LOO-CV with refitting and Negative Binomial

Hi everybody,
I would like to model LOO-CV with refitting similarly to http://mc-stan.org/loo/articles/loo2-non-factorizable.html#working-with-stan-directly. However, instead of having a linear model I would like to have either a Poisson or Negative Binomial.

Stan does not allow to have an int parameter, and forces me to have y as int in the negative binomial. Thus, how do I model in Stan the Ymi - Yl trick if I can’t declare Yl as vector?

parameters {
  vector[Nmi] Ymi;  // estimated missings
}
model {
  vector[N] Yl = Y;
  Yl[Jmi] = Ymi;


 Yl ~ neg_binomial_2_log(beta0 + X_Q * betas_tilde, phi2);

Gives the error:

  vector ~ neg_binomial_2_log(vector, real)

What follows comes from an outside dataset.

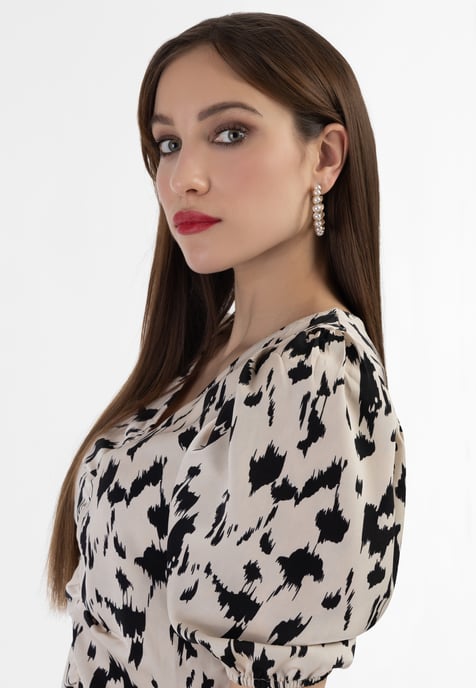 Faina Gedrapeerd blouseoverhemd Dames beige/ zwart - Image 5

Available argument signatures for neg_binomial_2_log:

  int ~ neg_binomial_2_log(real, real)
  int ~ neg_binomial_2_log(real, real[ ])
  int ~ neg_binomial_2_log(real, vector)
  int ~ neg_binomial_2_log(real, row_vector)
  int ~ neg_binomial_2_log(real[ ], real)
  int ~ neg_binomial_2_log(real[ ], real[ ])
  int ~ neg_binomial_2_log(real[ ], vector)
  int ~ neg_binomial_2_log(real[ ], row_vector)
  int ~ neg_binomial_2_log(vector, real)
  int ~ neg_binomial_2_log(vector, real[ ])
  int ~ neg_binomial_2_log(vector, vector)
  int ~ neg_binomial_2_log(vector, row_vector)
  int ~ neg_binomial_2_log(row_vector, real)
  int ~ neg_binomial_2_log(row_vector, real[ ])
  int ~ neg_binomial_2_log(row_vector, vector)
  int ~ neg_binomial_2_log(row_vector, row_vector)
  int[ ] ~ neg_binomial_2_log(real, real)
  int[ ] ~ neg_binomial_2_log(real, real[ ])
  int[ ] ~ neg_binomial_2_log(real, vector)
  int[ ] ~ neg_binomial_2_log(real, row_vector)
  int[ ] ~ neg_binomial_2_log(real[ ], real)
  int[ ] ~ neg_binomial_2_log(real[ ], real[ ])
  int[ ] ~ neg_binomial_2_log(real[ ], vector)
  int[ ] ~ neg_binomial_2_log(real[ ], row_vector)
  int[ ] ~ neg_binomial_2_log(vector, real)
  int[ ] ~ neg_binomial_2_log(vector, real[ ])
  int[ ] ~ neg_binomial_2_log(vector, vector)
  int[ ] ~ neg_binomial_2_log(vector, row_vector)
  int[ ] ~ neg_binomial_2_log(row_vector, real)
  int[ ] ~ neg_binomial_2_log(row_vector, real[ ])
  int[ ] ~ neg_binomial_2_log(row_vector, vector)
  int[ ] ~ neg_binomial_2_log(row_vector, row_vector)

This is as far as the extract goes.